Hindu ethics generally center on the principle of ahimsa, noninjury to living creatures--especially the cow, which is held sacred. The principle is expressed in almost universally observed rules against eating beef. By no means are all Hindus vegetarians, but abstinence from all kinds of meat is regarded as a "higher" virtue. High-caste Bangladeshi Hindus, unlike their counterparts elsewhere in South Asia, ordinarily eat fish.

Common among Hindus is the acceptance of the caste system as the structure of society. For virtually all Hindus, even those in revolt against some aspects of the system, caste is taken for granted as the way of life.
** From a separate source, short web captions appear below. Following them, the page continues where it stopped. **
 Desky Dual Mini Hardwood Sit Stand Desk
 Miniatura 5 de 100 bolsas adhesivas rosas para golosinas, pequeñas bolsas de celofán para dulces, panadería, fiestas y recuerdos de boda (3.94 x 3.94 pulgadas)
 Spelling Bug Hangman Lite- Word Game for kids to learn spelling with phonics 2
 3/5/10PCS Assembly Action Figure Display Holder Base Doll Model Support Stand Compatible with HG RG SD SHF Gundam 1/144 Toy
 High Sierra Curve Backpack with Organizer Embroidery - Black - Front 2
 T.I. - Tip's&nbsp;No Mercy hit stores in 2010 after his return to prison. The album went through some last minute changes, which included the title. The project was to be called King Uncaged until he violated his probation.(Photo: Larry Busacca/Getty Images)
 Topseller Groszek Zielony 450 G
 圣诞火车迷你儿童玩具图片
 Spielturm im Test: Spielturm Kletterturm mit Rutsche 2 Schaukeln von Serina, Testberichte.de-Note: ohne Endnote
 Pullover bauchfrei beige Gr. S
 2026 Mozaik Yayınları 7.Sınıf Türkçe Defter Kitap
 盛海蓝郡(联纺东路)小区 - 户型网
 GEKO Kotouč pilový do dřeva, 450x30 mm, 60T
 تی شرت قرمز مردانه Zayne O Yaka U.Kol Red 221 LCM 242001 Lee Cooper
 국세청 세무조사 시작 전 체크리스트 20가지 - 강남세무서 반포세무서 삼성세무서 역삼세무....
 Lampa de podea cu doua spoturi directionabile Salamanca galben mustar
To be considered Hindu, a group must identify itself in some way as a unit in the caste hierarchy. One cannot join a caste; one is born into it and lives, marries, and dies in it.

Although Hindu society is formally stratified into caste categories, caste did not figure prominently in the Bangladeshi Hindu community. About 75 percent of the Hindus in Bangladesh belonged to the lower castes, notably namasudras (lesser cultivators), and the remainder belonged primarily to outcaste or untouchable groups. Some members of higher castes belonged to the middle or professional class, but there was no Hindu upper class. With the increasing participation of the Hindus in nontraditional professional mobility, the castes were able to interact in wider political and socioeconomic arenas, which caused some erosion of caste consciousness. Although there is no mobility between Hindu castes, caste distinctions did not play as important a role in Bangladesh as in they did in the Hindu-dominated Indian state of West Bengal. Bangladeshi Hindus seemed to have become part of the mainstream culture without surrendering their religious and cultural distinctions.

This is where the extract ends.